Massive Data Search-Search Engine

  Search engine

In our daily life and work, search websites such as Baidu and Google have become schools where we are taught and reassured. As the saying goes, when there is a problem, find a matchmaker. So how did Baidu find the data it needed in the sea data? Why did he search so fast? We all know that it is because of Baidu’s search engine. What is a search engine? Some programmers may think of es, but it does not represent a search engine. It is only one of the tools. However, this tool is really useful and efficient.

This article will tell you the basic knowledge of search engines and some methods of Chinese word segmentation, and then make a small demo to try data retrieval. Let everyone have a preliminary understanding of the implementation of search engines.

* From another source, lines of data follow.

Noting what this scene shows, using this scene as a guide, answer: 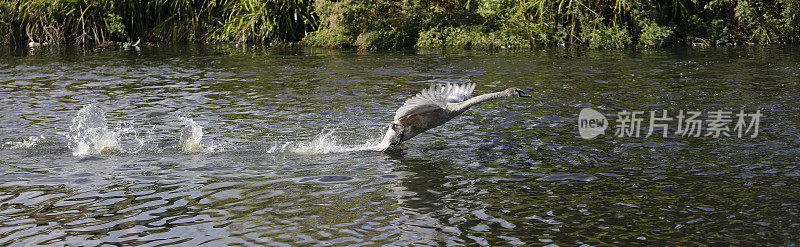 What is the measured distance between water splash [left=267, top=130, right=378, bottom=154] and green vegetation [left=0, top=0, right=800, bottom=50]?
12768mm

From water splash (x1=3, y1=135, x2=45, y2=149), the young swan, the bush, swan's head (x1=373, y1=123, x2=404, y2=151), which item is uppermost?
the bush

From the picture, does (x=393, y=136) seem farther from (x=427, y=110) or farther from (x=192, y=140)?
(x=192, y=140)

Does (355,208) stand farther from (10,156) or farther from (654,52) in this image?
(654,52)

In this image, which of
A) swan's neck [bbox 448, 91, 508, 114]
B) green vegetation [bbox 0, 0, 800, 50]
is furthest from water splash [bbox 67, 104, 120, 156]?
green vegetation [bbox 0, 0, 800, 50]

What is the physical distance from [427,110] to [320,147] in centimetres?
134

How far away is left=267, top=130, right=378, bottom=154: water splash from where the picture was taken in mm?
9719

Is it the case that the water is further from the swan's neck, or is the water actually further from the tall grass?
the tall grass

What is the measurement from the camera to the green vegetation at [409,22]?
21.8 metres

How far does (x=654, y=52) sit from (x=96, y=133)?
46.7ft

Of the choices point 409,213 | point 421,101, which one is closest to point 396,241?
point 409,213

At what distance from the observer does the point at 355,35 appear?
957 inches

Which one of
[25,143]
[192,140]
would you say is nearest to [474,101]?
[192,140]

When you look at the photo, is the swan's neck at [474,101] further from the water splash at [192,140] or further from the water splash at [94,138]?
the water splash at [94,138]

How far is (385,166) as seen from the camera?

I introduction of search engines

1. What is a search engine

The introduction of Baidu Encyclopedia is quoted here: Search Engine refers to a system that collects information from the Internet according to a certain strategy and using a specific computer program. After organizing and processing the information, it provides users with retrieval services and displays relevant information retrieved by users to users.

2. Classification of search engines

Search engines include full-text index, catalog index, meta search engine, vertical search engine, aggregate search engine, portal search engine and free link list.

Here we mainly introduce the full-text index, which is the classification of search engines used by Baidu.

Full-text index:

The first is the collection of data in the database. The automatic information collection function of the search engine is divided into two types. One is regular search, that is, every once in a while (such as Google is generally 28 days), the search engine actively sends out a “spider” program to search Internet websites within a certain IP address range. Once a new website is found, it will automatically extract the website information and website address and add them to its own database. The other is to submit the website search, that is, the website owner submits the website address to the search engine voluntarily. It sends a “spider” program to your website within a certain period of time (ranging from 2 days to several months), scans your website and stores the relevant information in the database for users to query.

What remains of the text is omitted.